Zeker. Ik dacht meer aan smartphones voor dingen als e-mail en Teams, niet per se laptops en Windows-apparaten. Dat is echt de enige vorm van BYOD die wij ondersteunen.
Dus eigenlijk is alles wat je noemde nog steeds een risico met beheerde desktops. Het wordt steeds meer mogelijk om zelfs geen apparaten te gebruiken om verbinding te maken met netwerken. Er zullen altijd configuraties zijn waarbij je wel moet verbinden, maar als de meeste van je diensten SaaS-gebaseerd zijn, heb je genoeg tools om BOYD mogelijk te maken zonder je netwerk in gevaar te brengen.
Het is logisch. Dus je beperkt de toegang tot bedrijfsbronnen totdat een apparaat is ingeschreven. Maar niet specifiek het proberen te authenticeren voordat het is ingeschreven. Het is logisch. Ik stel me voor dat dat veel gemakkelijker te beheren is op de lange termijn.
Maar dat is slechts één mening. Ik werk in de gezondheidszorg, en we doen altijd aan BYOD. We hebben reverse proxies, CASB’s, CWPP en DLP die ons vertrouwen geven en attestaties dat beschermde informatie niet kan worden gedownload naar een unmanaged desktop.
Dit is niet zo moeilijk, het gaat er gewoon om het dreigemodel te bekijken en effectief risicobeperking toe te passen waar nodig.
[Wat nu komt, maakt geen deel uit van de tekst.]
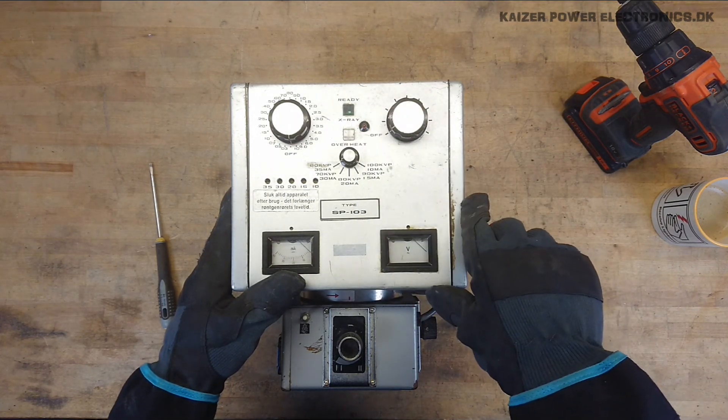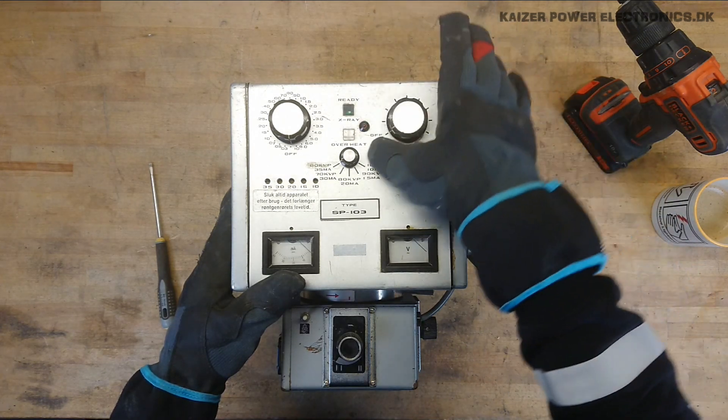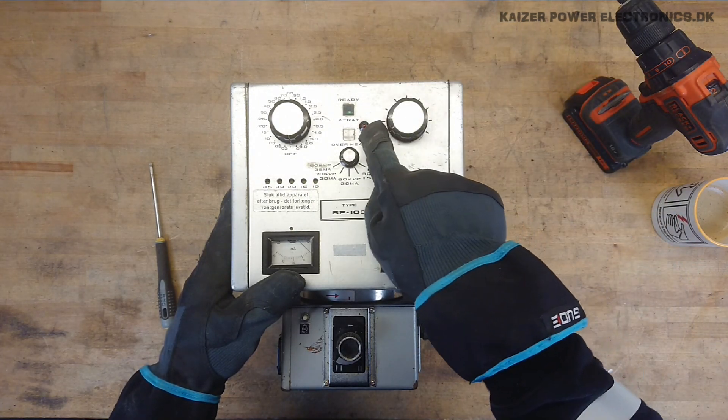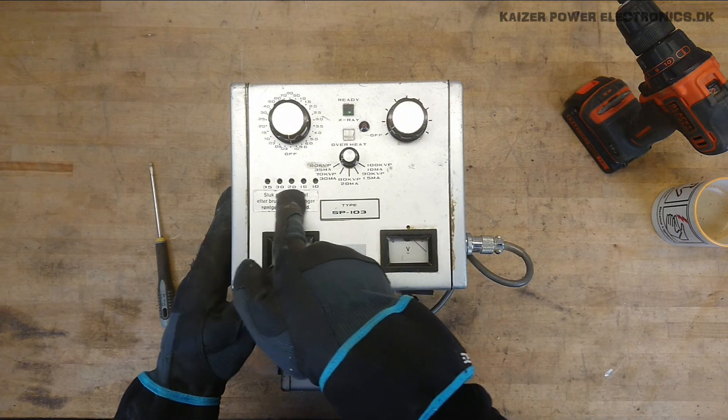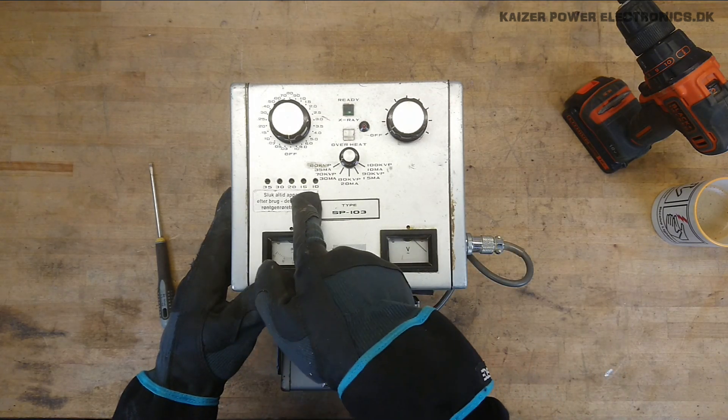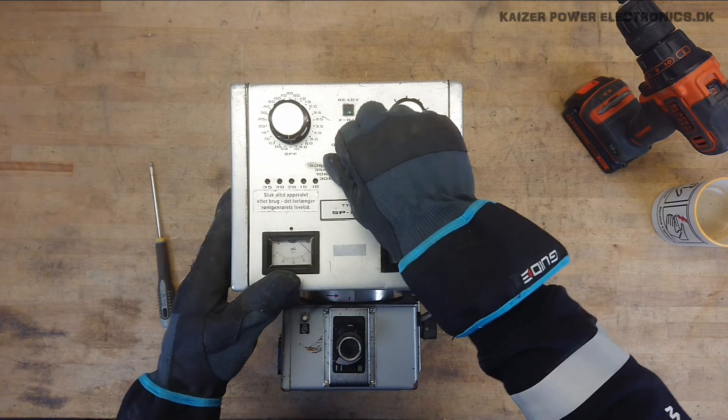Not quite sure what that is — maybe that's just ready. X-Ray and overheat. So the X-Ray lamp has been added later on. It seems we also have some status indicators for the current here, as these numbers correspond to the current settings we see here on the dial.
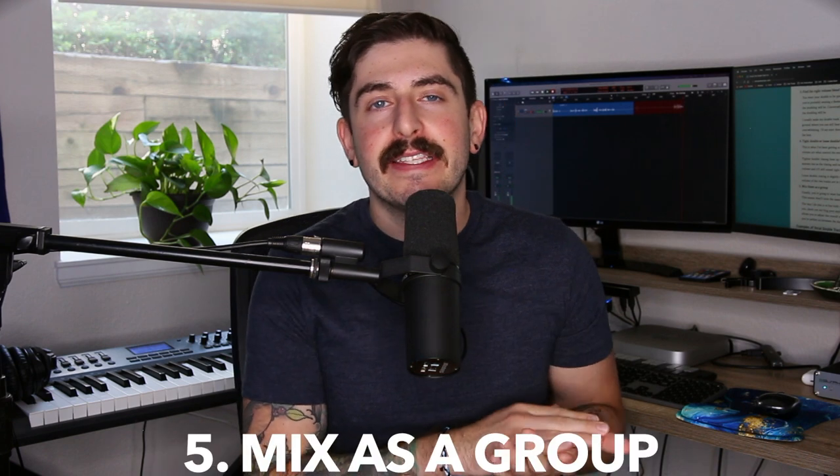Step number five for double tracking is to mix them as a group. You're usually going to want all of the same effects — the same reverb, delay, and EQ — on both tracks. Compression is a bit different because you usually want to compress every track individually. But when it comes to EQ, reverb, and delay, you're going to want to affect them in the same way. How I usually approach this is I'll send both vocal takes to the same output, then bus that output to my effect sends — reverb and delay — and throw EQ and anything else I want right on that output aux track, so the main vocal and the double track both have all the same effects and sound cohesive.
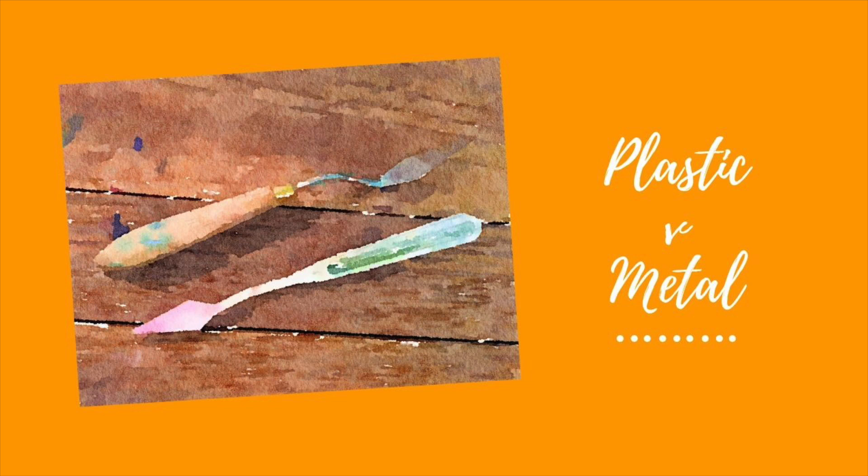So back to plastic versus metal — don't do the plastic. It's not worth the cost savings. I think it'll cost you more in the long run because you'll have to keep buying them since they're going to break and wear out. And I'm unanimous on that.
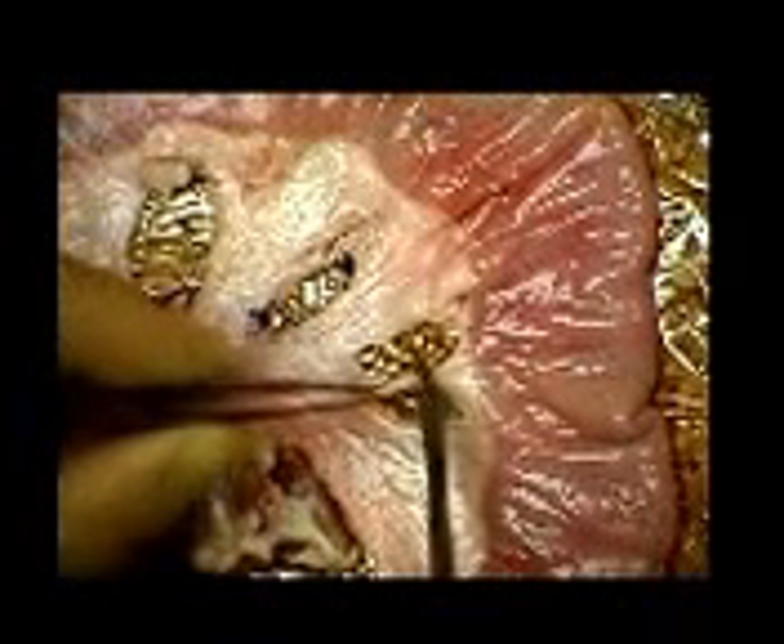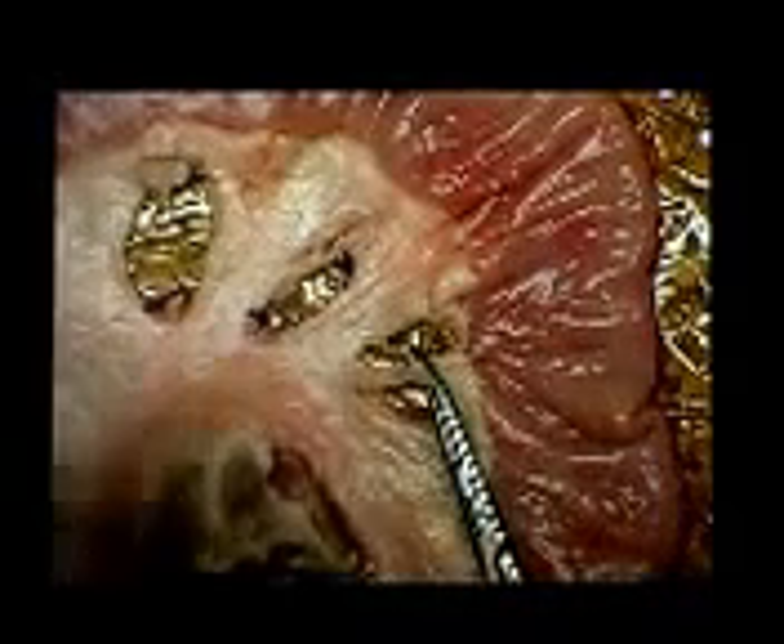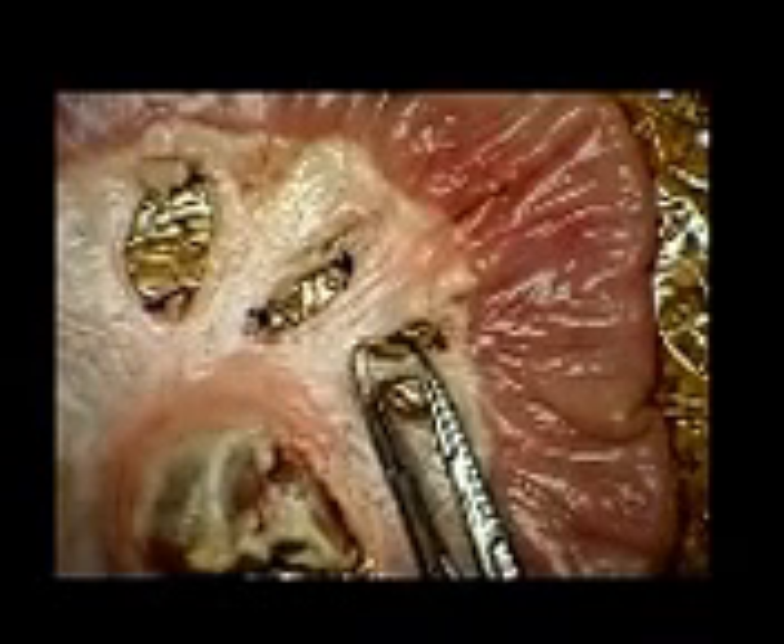The other end of the pedicle is then ligated in a similar fashion. If a pedicle contains a significant vessel, you may wish to transfix the pedicle rather than simply ligating the structure. There are two possible techniques that may be used.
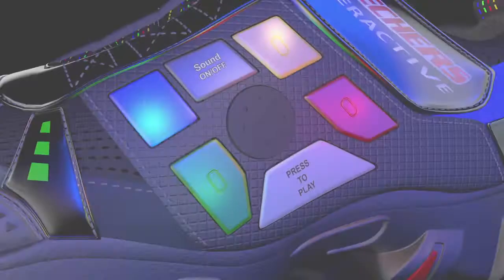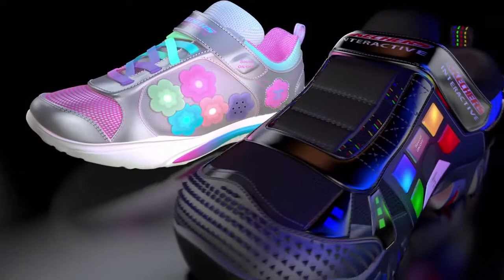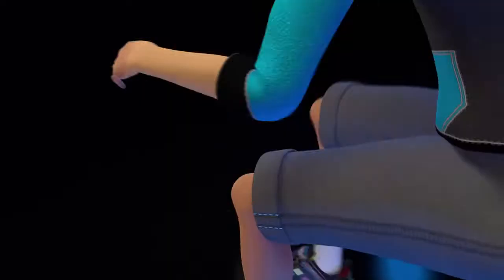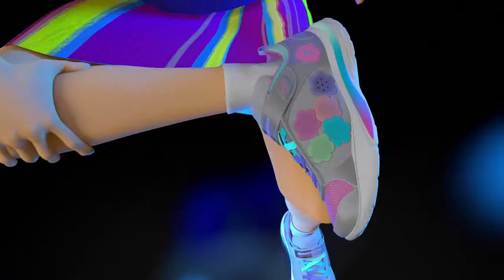This memory matching game has cool lights, neat sounds, and a game controller built right into the shoe. Match the lights in order and you win, but it's trickier than you think. All you have to do is cross your leg and you're ready to play.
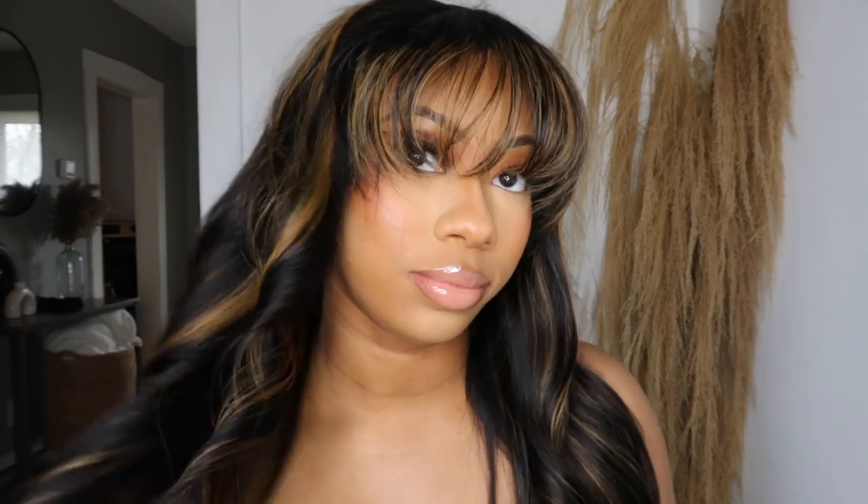All right y'all, this is the final look — I love this wig so much, it's so cute! I'll have the wig link down in the description box if y'all want to purchase it. I'm just finger combing my curls out. This is very cute, very simple. Bang wigs are the easiest wigs to put on — I don't even know why I tried to spray it, because this is essentially a glueless wig with the elastic band in the middle.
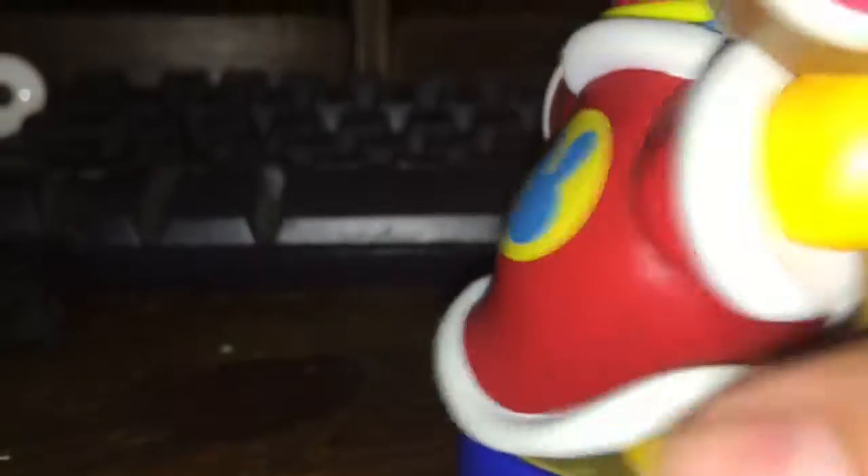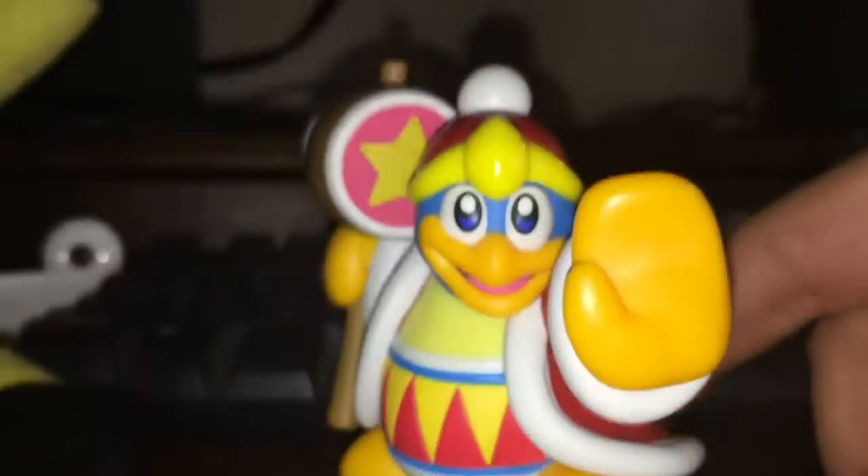I really like this amiibo. I know I don't know much about the Kirby series — I just saw this amiibo and was drawn to it.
Dus we schakelen over van praten over Office 365-producten naar andere dingen… het komt allemaal goed, ik begrijp je. Alle EMR-toegangen en systemen die beschermde gezondheidsinformatie bevatten, worden benaderd via virtuele desktops of app-streaming en staan geen clipboard-toegang, afdrukken of opslaan van informatie op lokale bronnen toe. Zowel Citrix als VMware bieden bescherming tegen spyware die probeert het scherm op te nemen.
Zelf de meer populaire EMR’s ontwikkelen mobiele apps die gebruik kunnen maken van Intune MAM-beleidsregels, hetzelfde geldt voor Citrix en VMware.